My mom taught me a very valuable lesson that used to drive me nuts, but I find is incredibly effective and succinct:

Get over it.

As her child growing up, I found it a little inconsiderate, but even, and perhaps especially, your kids have to be lumped into the crowd that do not get an opinion about how you raise your kids (especially since they’re cross referenced in those who don’t have them). Of course, now that I do have kids her advice to me is still the same when I lament how she might have done better. In the lack of abuse and neglect, if you have an opinion that thrusts me into the category of “that” mom, and I don’t validate or empower it, get over it.

I’m protecting my child, not you, you narcissistic pain in my ass.

You see, when a woman becomes a mother, she gets a target painted on her back, typically by other mothers and by a few passersby who are just bored. The thing is, most moms are just doing the best they can. So, before you label another mom as “that” mom, consider whether that target on your back has recently throbbed with a direct hit or there is dust on your hands from the last stone you cast. I dust my hands off more often than I care to admit, so this is advice I’m heeding myself. I don’t want to be “that” mom.

The Overscheduled Child

Gray Swimming

In a society of not enough, how do we decide when enough is enough for our children? I am experiencing this with my 3 year old. He is in swimming twice a week and horseback riding lessons once a week. Tee ball is about to start, he would love a gymnastics class and already thinks he’s a ninja, so karate would be great for him. I’d really like to get him started on an instrument, even if it’s banging randomly on some drums. I’m wondering though, how in the world do I offer these opportunities without over stimulating him and overstretching me?

There are articles all over the internet about the dangers of overscheduling your kids and not just letting them be kids. They talk about how our kids are no longer able to entertain themselves, don’t know what to do with themselves if their lives are not planned and scheduled with activities. Yeah, they do.

Kids’ default setting is destructo mode.

My 3 year old is an excellent swimmer and it’s something I hope he retains and chooses to compete in at some point. He loves riding horses and I find it gives me opportunities to teach him about leadership and assertiveness, not to mention caring for animals. Gymnastics would give him an outlet for all the ways he wants to express himself physically. If I can provide him that outlet it would teach him to be aware of his body in time and space (proprioception) and translate into athleticism later. Tee ball will teach him team skills as he does nothing that is team related at this point. I have to come up with activities that cover the most bases without overscheduling and over stimulating him. There has to be time to just go outside and play. He does love to go and throw rocks into mud puddles and find bugs. I think that activity is important as all the others. And, hey, it’s free!

photo

I got to do a little bit of everything as a kid. I played softball, took piano and guitar lessons, did gymnastics and karate, spent most of my spare time playing outside, seeing if I could break my record of how far I could jump out of the swing in the backyard. If I wasn’t playing I was reading.

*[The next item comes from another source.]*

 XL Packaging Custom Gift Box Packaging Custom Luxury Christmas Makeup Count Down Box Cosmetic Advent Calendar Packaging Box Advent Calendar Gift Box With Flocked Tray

I am the second of five girls, so I don’t know how my parents managed to make sure we had all these opportunities and time to accomplish them. I can remember my dad coming home (exhausted from working a twelve hour shift making tires in a tire plant) and playing softball with us in the front yard for hours, or coaching our softball teams. My mom was a stay at home mom with five little girls running around, a veritable Miss Hannigan. Cue the music: “Little girls, little girls, everywhere I look things are..little. I would ring little necks, if only I could get, an acquittal…”

I seriously don’t know how she escaped with her sanity. Oh, wait, she didn’t.

Do any of us come out of this parenting thing sane? If you answered yes, you’re not doing it right- I know that much. I apologize to my mom in my head at least five times a day while raising my two boys. (Mom: the Miss Hannigan reference is comparable in how I perceive raising five girls must have been like, not a comparison to how I experienced you). Before I had kids it wouldn’t have occurred to me to add that little caveat.

I think it boils down to just doing the best damn job you can do

I’m serious. If Gray nearly spins to death on the uneven parallel bars (100 points if you know what movie that’s from), because he’s so overwhelmed due to too many activities, at least he didn’t atrophy in front of an iPad screen. Don’t get me wrong, he watches the iPad, but hopefully I can offset any permanent damage with extracurricular activity.

That makes me wonder… what’s curricular in a preschooler’s life to make something extracurricular? I mean, his job is to try things out, to experiment- that is his curriculum. I’ve thought quite often as he nears the age to be in school all day, why can’t he learn from practical applications? Can’t he learn his ABC’s and 123’s without the mind numbing monotony of school? Can’t his extracurricular activities teach him these things? I’m getting into an entirely different post, aren’t I? Let’s regroup.

I’m not sure it’s such a bad thing to have lots of activities planned for your child. I mean, we all know a kid can entertain him or herself. Hopefully the exposure to multiple activities as a young kid will give them interests that will prevent them from being zombies as teenagers.